For me the Conference started with a First Timers Orientation at 12:30. As a pleasant surprise lunch was provided for the first 200 attendees. In the end close to 300 folks were in the audience. Heard a lot of good advice from from AASL movers and shakers, many of whose names were familiar. It was good to be able put a faces to a names I’ve seen many times on LM_NET.
That afternoon also provided the Exploratorium, an exhibit of “learning stations that exemplify best practices in school librarianship.” I saw quite a few interesting ideas and got to meet the folks who fun the TRAILS online assessment for info lit skills among others.

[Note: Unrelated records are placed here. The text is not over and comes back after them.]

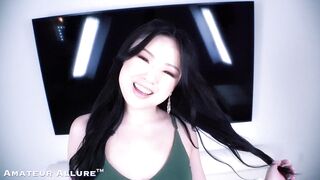 Amateur Allure Welcomes Lulu Chu Back For More Oral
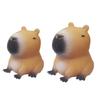 Cute Cartoon Capybara Squeeze Toy Stress Relief Funny Animal Squeeze Toy Capybara Shape Pinch Toys Relax Gifts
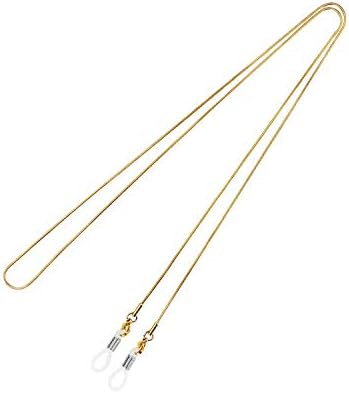 RANHUU Stainless Steel Eyeglass Chains for Women Glasses Cords Sunglasses Chain Holder Strap Lanyards Eyewear Retainer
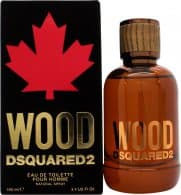 DSquared2 Wood For Him Eau de Toilette 100ml Spray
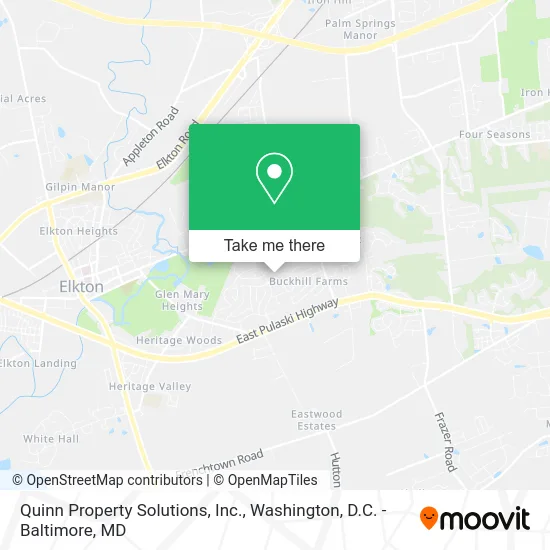 Quinn Property Solutions, Inc. map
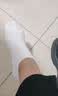 棉十三黑色袜子女士中筒袜新疆棉10A抗菌防臭女袜纯色长袜秋冬季10双装 实拍图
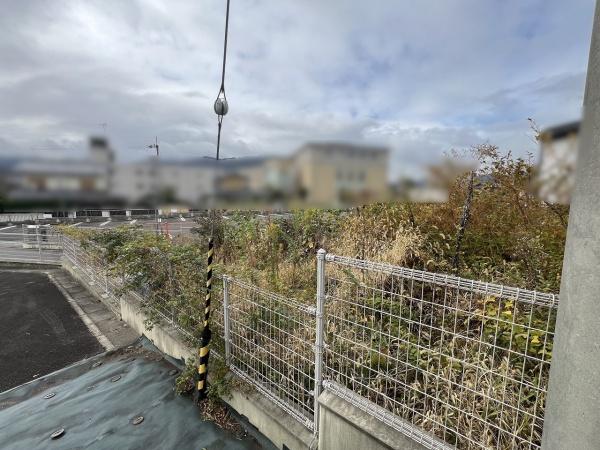 京都市西京区大枝東長町　建築条件無売土地 現地写真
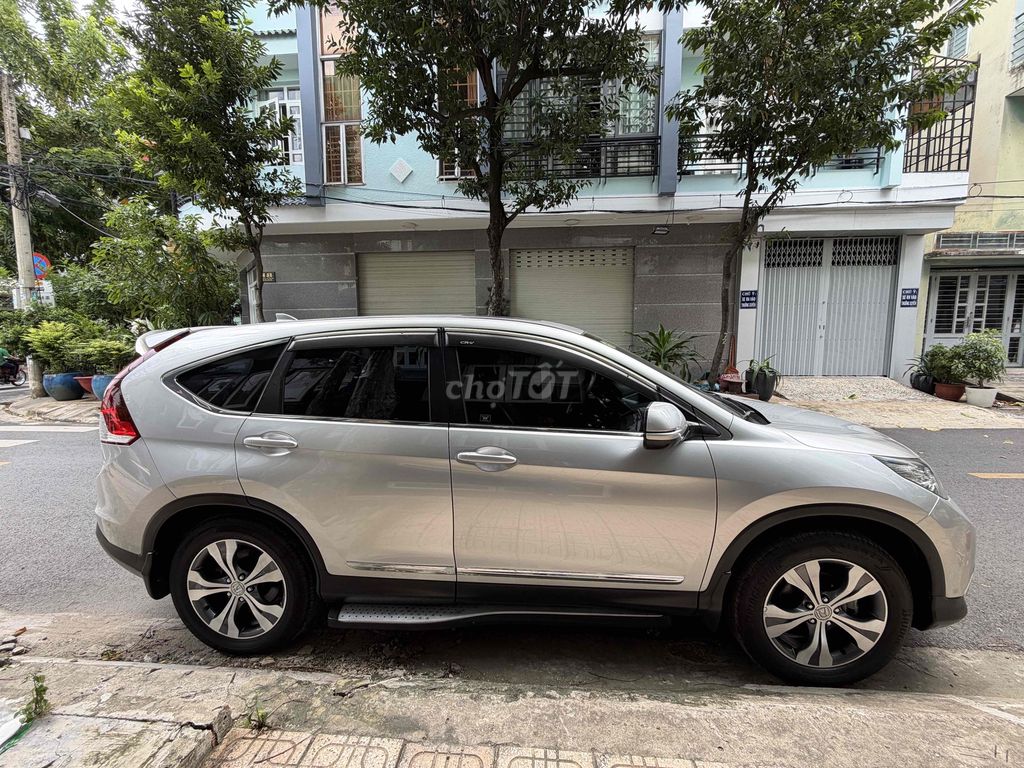 Honda CRV 2013 2.4 Серебристый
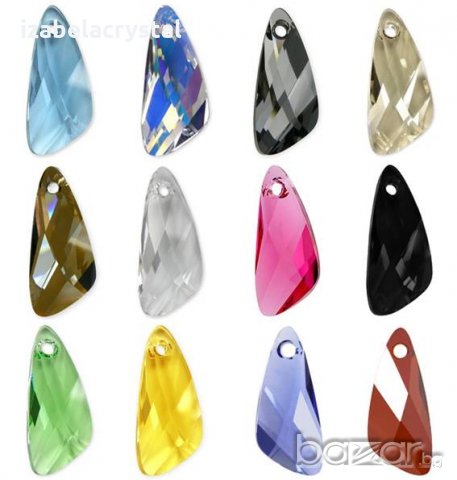  	Комплект Сваровски ''Wing'' Crystals from SWAROVSKI ® , снимка 3 - Бижутерийни комплекти - 20631852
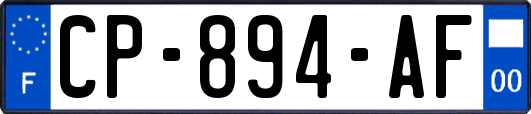 CP-894-AF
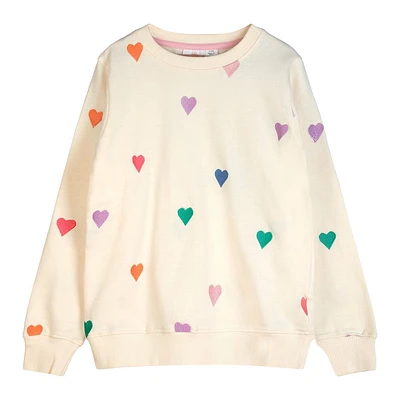 Gilet Ouaté Heart 3-14ans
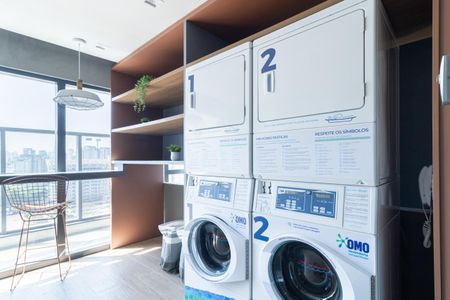 Apartamento para alugar com 30m², 1 quarto e sem vagaÁrea comum - Lavanderia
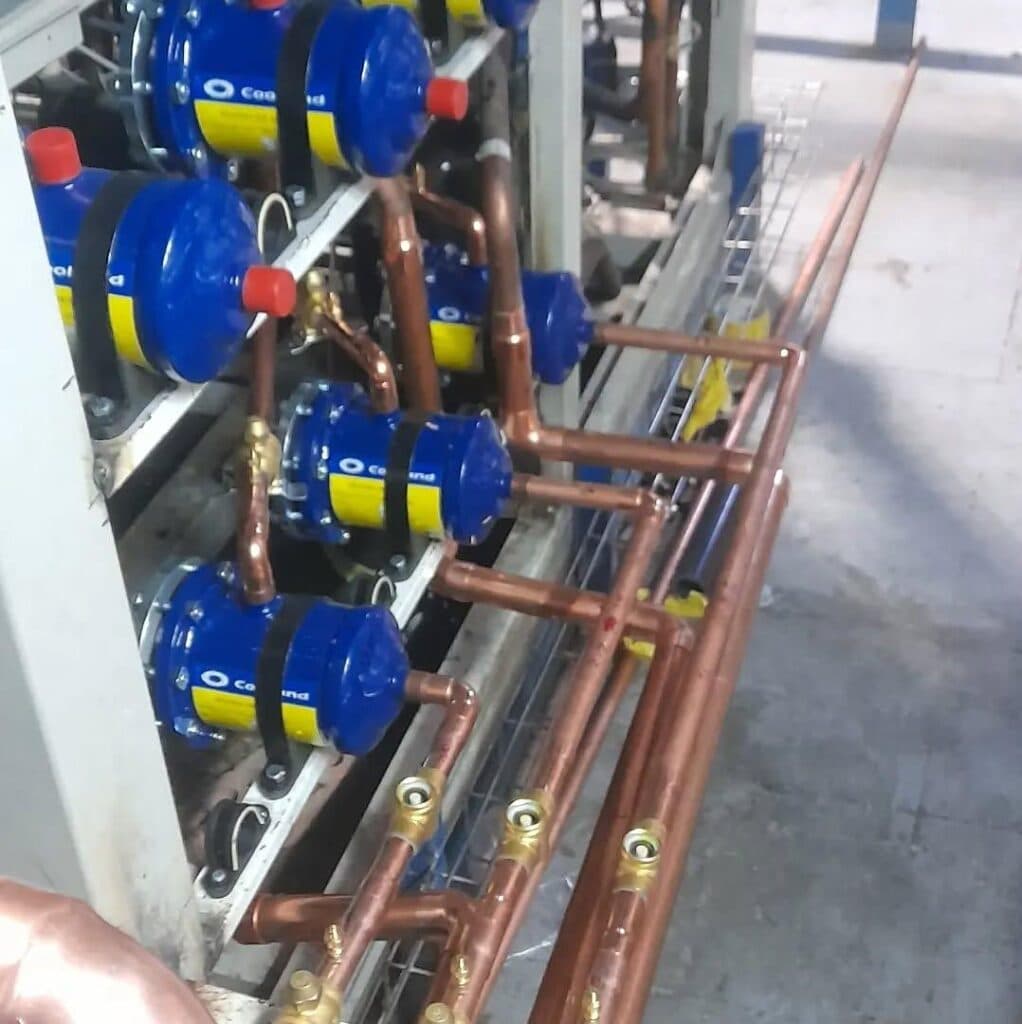 راه اندازی و تعمیرات چیلر و سردخانه سرما تجهیز صبا در قزوین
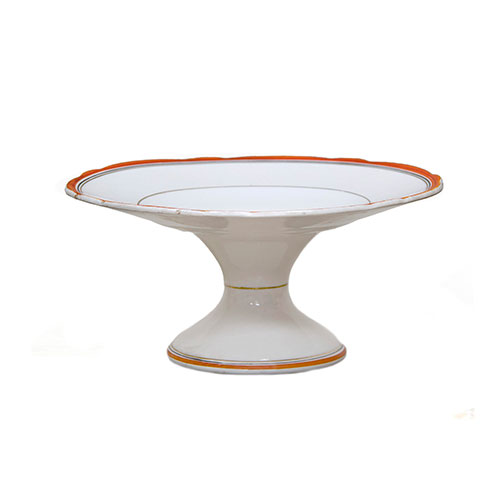 Sub.:12-On - Lote: 312 -  Plato para presentar las pastas en cer�mica.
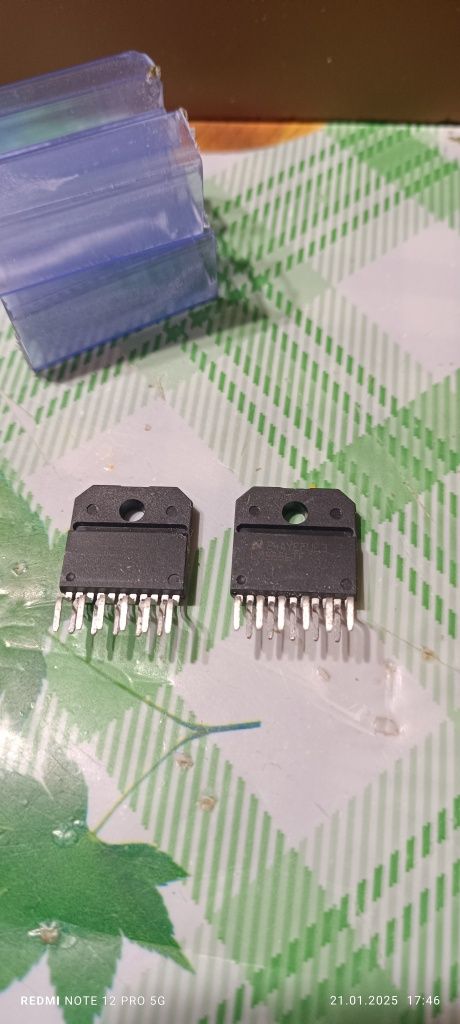 Конструктор усилителя lm3886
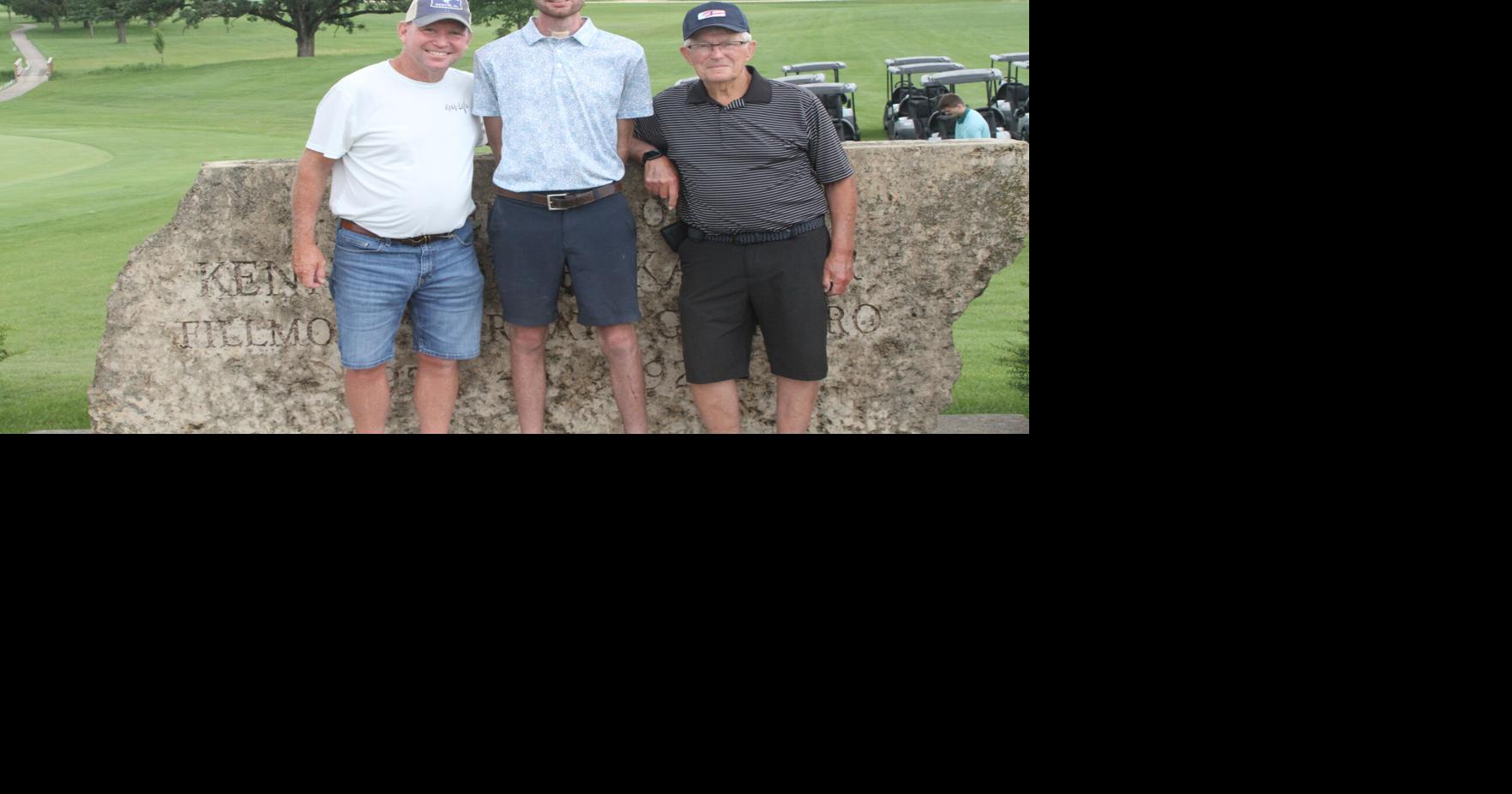 Golfers come out to support Martin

Later we heard the conference keynoter, Dan Pink, the author of A Whole New Mind: Why Right-Brainers Will Rule the Future. His book was the book all conference attendees were supposed to have read. I have to confess that I ordered the book for my library but in the end actually watched a video presentation which Pink recorded last year just to get his basic ideas down. Even though I had watched his earlier presentation, I was impressed by his speech to us. Dan believes, and backs it up with evidence, that the world of work is changing and the best metaphor to explain the change is the right-brain/left-brain model. Because we are losing routine tasks to outsourcing and off-shoring (Asia), our ever-expanding need for novel consumer goods (Abundance), and the growth of automated processes (Automation) the skills and processes of the right-brain are becoming more important than the skills and processes mediated by the left-brain. Our educational institutions have traditionally emphasized left-brain (logical, analytical, sequential) skills to the neglect of right-brain (empathetic, integral, holistic) skills. Dan believes that since those skills tend to be ones which cannot be outsourced, provide the designs needed to continue producing novel and interesting goods and processes, and are not susceptible to automation, those are the skills which we should be developing in our students. He quoted approvingly an administrator from a school district in New Jersey who said: “We should be educating students for their future, and not our past.”
Finally (whew!), the exhibit hall opened Thursday evening. It’s the location where I spent a lot of time over the next several days talking to vendors and picking free goodies.